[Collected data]
○ ○ ○ ○ ○ ○ ○

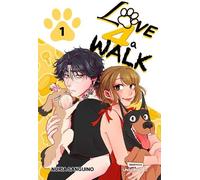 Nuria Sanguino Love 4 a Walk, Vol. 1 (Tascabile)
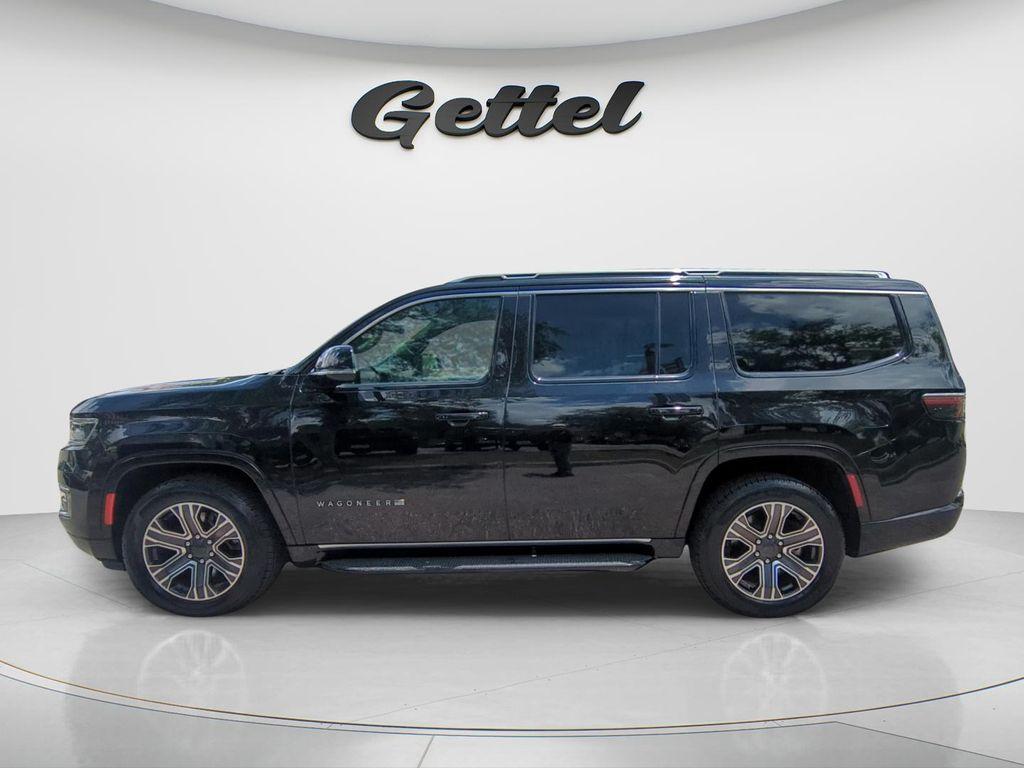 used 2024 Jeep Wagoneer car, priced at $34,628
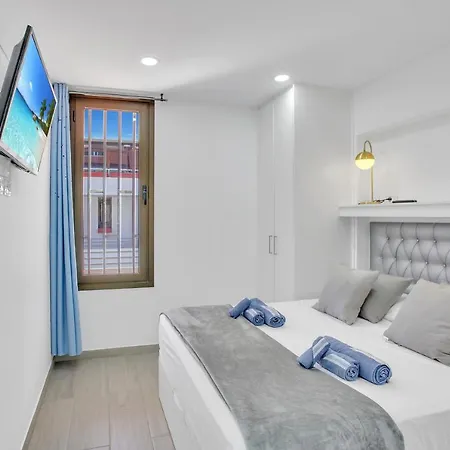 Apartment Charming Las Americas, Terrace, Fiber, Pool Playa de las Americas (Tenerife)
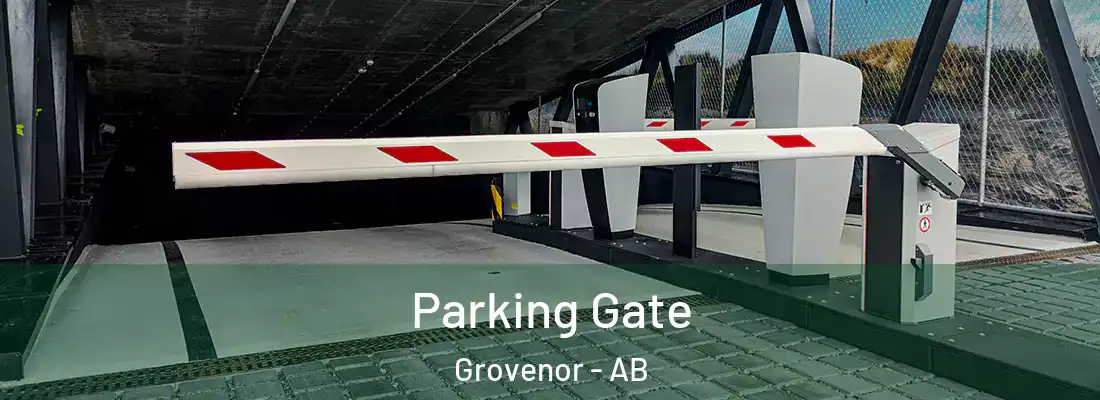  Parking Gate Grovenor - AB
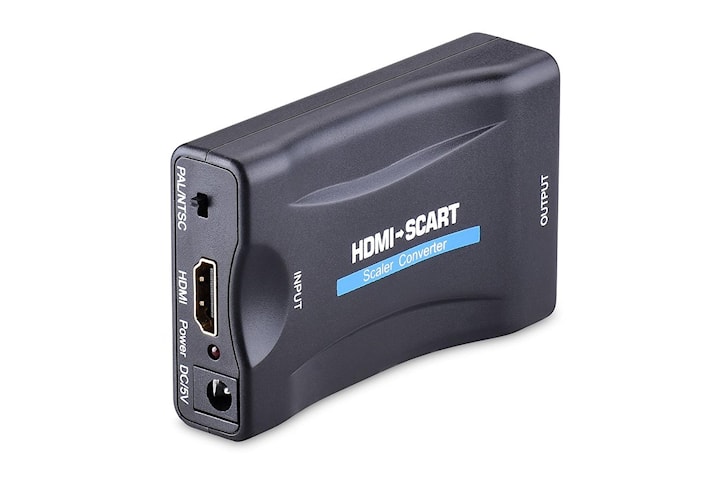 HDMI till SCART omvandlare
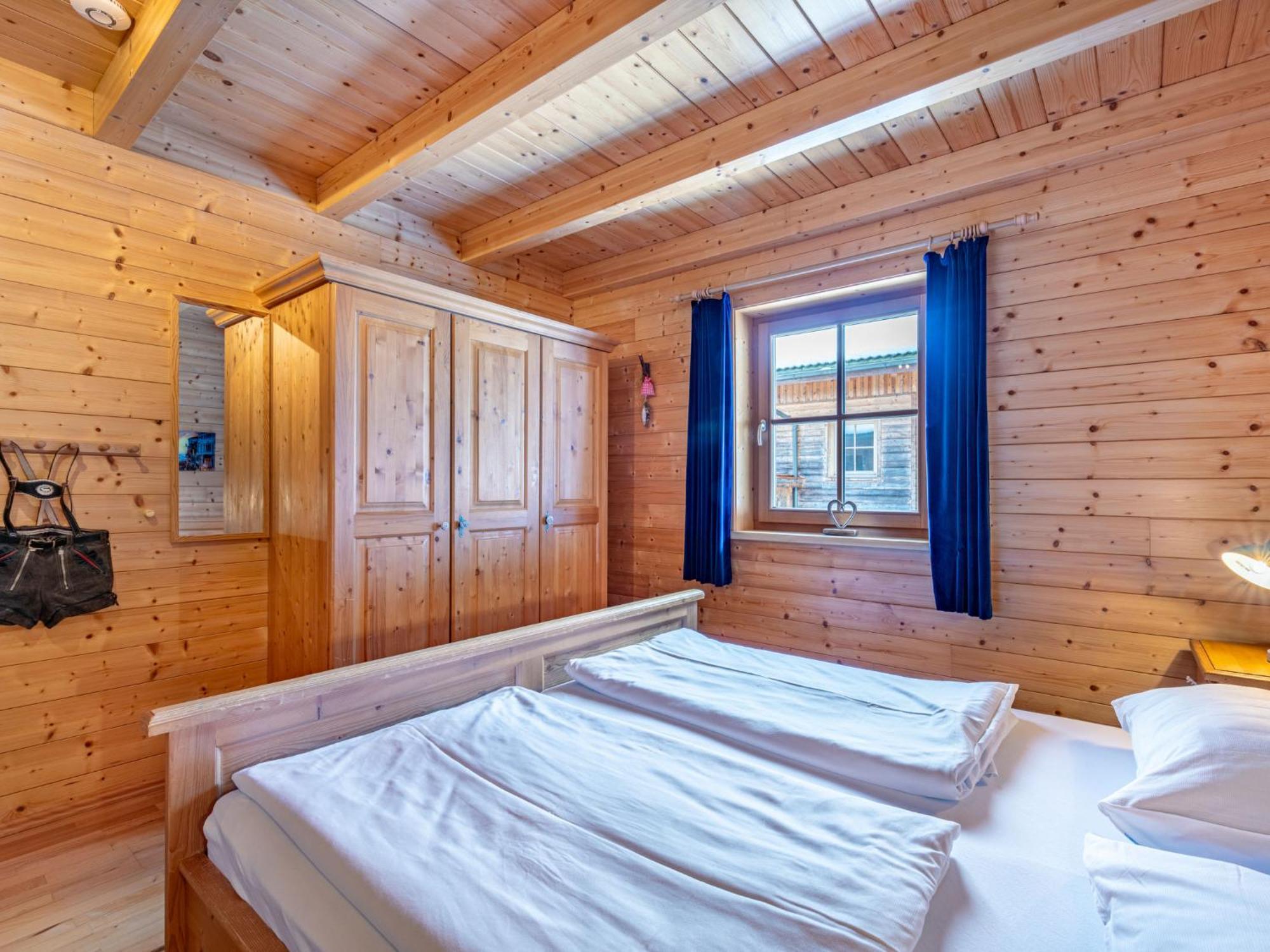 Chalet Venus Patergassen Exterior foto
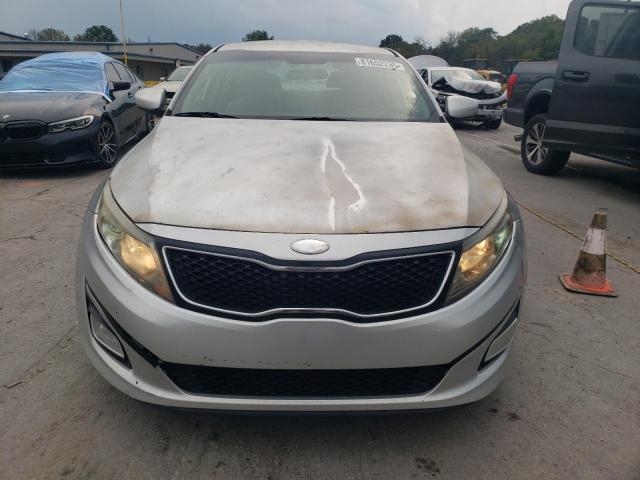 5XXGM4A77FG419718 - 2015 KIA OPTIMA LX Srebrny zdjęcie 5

○ ○ ○ ○ ○ ○ ○

- [Task to complete]:
Exact repeats of the lines from the first one in the data through the line containing "Chalet Venus Patergassen Exterior foto" make up the answer. Pictures do not.

- [Solved exercise]:
 Nuria Sanguino Love 4 a Walk, Vol. 1 (Tascabile)
 used 2024 Jeep Wagoneer car, priced at $34,628
 Apartment Charming Las Americas, Terrace, Fiber, Pool Playa de las Americas (Tenerife)
  Parking Gate Grovenor - AB
 HDMI till SCART omvandlare
 Chalet Venus Patergassen Exterior foto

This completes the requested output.